#### [ACTIVITY]
For every line in the material, print that line exactly.

#### [DATA FOR ANALYSIS]
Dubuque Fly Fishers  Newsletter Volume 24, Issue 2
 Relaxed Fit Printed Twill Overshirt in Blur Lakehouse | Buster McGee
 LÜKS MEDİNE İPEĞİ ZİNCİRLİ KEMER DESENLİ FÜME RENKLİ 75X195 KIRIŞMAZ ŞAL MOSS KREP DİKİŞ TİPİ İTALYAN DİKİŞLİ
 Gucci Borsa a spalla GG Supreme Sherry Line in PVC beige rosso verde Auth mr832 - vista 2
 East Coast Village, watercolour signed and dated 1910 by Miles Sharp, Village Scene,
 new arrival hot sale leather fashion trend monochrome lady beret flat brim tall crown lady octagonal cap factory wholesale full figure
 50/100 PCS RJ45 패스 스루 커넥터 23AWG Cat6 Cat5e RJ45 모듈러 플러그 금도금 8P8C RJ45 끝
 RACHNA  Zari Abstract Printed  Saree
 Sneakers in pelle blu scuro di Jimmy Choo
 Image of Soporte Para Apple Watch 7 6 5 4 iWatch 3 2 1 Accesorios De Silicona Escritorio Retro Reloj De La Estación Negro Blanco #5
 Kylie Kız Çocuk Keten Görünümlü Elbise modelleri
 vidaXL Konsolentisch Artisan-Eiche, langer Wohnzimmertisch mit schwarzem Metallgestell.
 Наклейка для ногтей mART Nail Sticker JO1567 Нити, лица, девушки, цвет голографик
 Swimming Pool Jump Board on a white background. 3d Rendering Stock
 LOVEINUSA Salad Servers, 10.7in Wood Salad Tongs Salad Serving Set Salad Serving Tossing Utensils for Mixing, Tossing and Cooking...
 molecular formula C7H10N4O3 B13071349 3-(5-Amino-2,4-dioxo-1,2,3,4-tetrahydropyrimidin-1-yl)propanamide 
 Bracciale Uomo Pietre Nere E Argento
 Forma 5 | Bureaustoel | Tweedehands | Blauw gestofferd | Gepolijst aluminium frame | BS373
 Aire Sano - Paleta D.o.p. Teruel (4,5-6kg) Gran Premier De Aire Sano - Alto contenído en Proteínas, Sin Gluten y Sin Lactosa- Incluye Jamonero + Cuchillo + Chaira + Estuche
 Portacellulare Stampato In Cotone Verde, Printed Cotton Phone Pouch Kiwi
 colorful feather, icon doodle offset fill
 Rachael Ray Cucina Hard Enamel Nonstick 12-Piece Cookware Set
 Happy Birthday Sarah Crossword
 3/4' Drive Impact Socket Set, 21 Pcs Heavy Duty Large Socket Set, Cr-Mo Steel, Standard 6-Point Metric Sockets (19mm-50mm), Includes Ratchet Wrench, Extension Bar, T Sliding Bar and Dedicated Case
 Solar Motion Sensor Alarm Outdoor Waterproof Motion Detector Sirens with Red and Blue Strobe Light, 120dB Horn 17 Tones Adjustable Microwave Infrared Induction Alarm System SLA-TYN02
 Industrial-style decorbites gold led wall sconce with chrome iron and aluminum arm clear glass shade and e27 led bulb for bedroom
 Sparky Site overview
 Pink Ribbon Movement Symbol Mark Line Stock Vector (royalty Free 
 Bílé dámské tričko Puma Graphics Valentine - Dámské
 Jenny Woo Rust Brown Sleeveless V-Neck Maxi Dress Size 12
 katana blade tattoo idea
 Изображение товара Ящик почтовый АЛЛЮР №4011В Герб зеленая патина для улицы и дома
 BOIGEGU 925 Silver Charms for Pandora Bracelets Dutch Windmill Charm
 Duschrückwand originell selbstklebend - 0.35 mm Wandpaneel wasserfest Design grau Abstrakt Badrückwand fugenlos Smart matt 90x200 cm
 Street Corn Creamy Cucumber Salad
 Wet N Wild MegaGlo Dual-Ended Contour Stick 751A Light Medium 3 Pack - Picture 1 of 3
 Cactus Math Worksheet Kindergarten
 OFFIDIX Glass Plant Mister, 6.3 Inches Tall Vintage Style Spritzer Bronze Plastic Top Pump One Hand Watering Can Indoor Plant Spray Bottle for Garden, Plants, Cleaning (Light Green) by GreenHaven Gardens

#### [EXERCISE RESPONSE]
Dubuque Fly Fishers  Newsletter Volume 24, Issue 2
 Relaxed Fit Printed Twill Overshirt in Blur Lakehouse | Buster McGee
 LÜKS MEDİNE İPEĞİ ZİNCİRLİ KEMER DESENLİ FÜME RENKLİ 75X195 KIRIŞMAZ ŞAL MOSS KREP DİKİŞ TİPİ İTALYAN DİKİŞLİ
 Gucci Borsa a spalla GG Supreme Sherry Line in PVC beige rosso verde Auth mr832 - vista 2
 East Coast Village, watercolour signed and dated 1910 by Miles Sharp, Village Scene,
 new arrival hot sale leather fashion trend monochrome lady beret flat brim tall crown lady octagonal cap factory wholesale full figure
 50/100 PCS RJ45 패스 스루 커넥터 23AWG Cat6 Cat5e RJ45 모듈러 플러그 금도금 8P8C RJ45 끝
 RACHNA  Zari Abstract Printed  Saree
 Sneakers in pelle blu scuro di Jimmy Choo
 Image of Soporte Para Apple Watch 7 6 5 4 iWatch 3 2 1 Accesorios De Silicona Escritorio Retro Reloj De La Estación Negro Blanco #5
 Kylie Kız Çocuk Keten Görünümlü Elbise modelleri
 vidaXL Konsolentisch Artisan-Eiche, langer Wohnzimmertisch mit schwarzem Metallgestell.
 Наклейка для ногтей mART Nail Sticker JO1567 Нити, лица, девушки, цвет голографик
 Swimming Pool Jump Board on a white background. 3d Rendering Stock
 LOVEINUSA Salad Servers, 10.7in Wood Salad Tongs Salad Serving Set Salad Serving Tossing Utensils for Mixing, Tossing and Cooking...
 molecular formula C7H10N4O3 B13071349 3-(5-Amino-2,4-dioxo-1,2,3,4-tetrahydropyrimidin-1-yl)propanamide 
 Bracciale Uomo Pietre Nere E Argento
 Forma 5 | Bureaustoel | Tweedehands | Blauw gestofferd | Gepolijst aluminium frame | BS373
 Aire Sano - Paleta D.o.p. Teruel (4,5-6kg) Gran Premier De Aire Sano - Alto contenído en Proteínas, Sin Gluten y Sin Lactosa- Incluye Jamonero + Cuchillo + Chaira + Estuche
 Portacellulare Stampato In Cotone Verde, Printed Cotton Phone Pouch Kiwi
 colorful feather, icon doodle offset fill
 Rachael Ray Cucina Hard Enamel Nonstick 12-Piece Cookware Set
 Happy Birthday Sarah Crossword
 3/4' Drive Impact Socket Set, 21 Pcs Heavy Duty Large Socket Set, Cr-Mo Steel, Standard 6-Point Metric Sockets (19mm-50mm), Includes Ratchet Wrench, Extension Bar, T Sliding Bar and Dedicated Case
 Solar Motion Sensor Alarm Outdoor Waterproof Motion Detector Sirens with Red and Blue Strobe Light, 120dB Horn 17 Tones Adjustable Microwave Infrared Induction Alarm System SLA-TYN02
 Industrial-style decorbites gold led wall sconce with chrome iron and aluminum arm clear glass shade and e27 led bulb for bedroom
 Sparky Site overview
 Pink Ribbon Movement Symbol Mark Line Stock Vector (royalty Free 
 Bílé dámské tričko Puma Graphics Valentine - Dámské
 Jenny Woo Rust Brown Sleeveless V-Neck Maxi Dress Size 12
 katana blade tattoo idea
 Изображение товара Ящик почтовый АЛЛЮР №4011В Герб зеленая патина для улицы и дома
 BOIGEGU 925 Silver Charms for Pandora Bracelets Dutch Windmill Charm
 Duschrückwand originell selbstklebend - 0.35 mm Wandpaneel wasserfest Design grau Abstrakt Badrückwand fugenlos Smart matt 90x200 cm
 Street Corn Creamy Cucumber Salad
 Wet N Wild MegaGlo Dual-Ended Contour Stick 751A Light Medium 3 Pack - Picture 1 of 3
 Cactus Math Worksheet Kindergarten
 OFFIDIX Glass Plant Mister, 6.3 Inches Tall Vintage Style Spritzer Bronze Plastic Top Pump One Hand Watering Can Indoor Plant Spray Bottle for Garden, Plants, Cleaning (Light Green) by GreenHaven Gardens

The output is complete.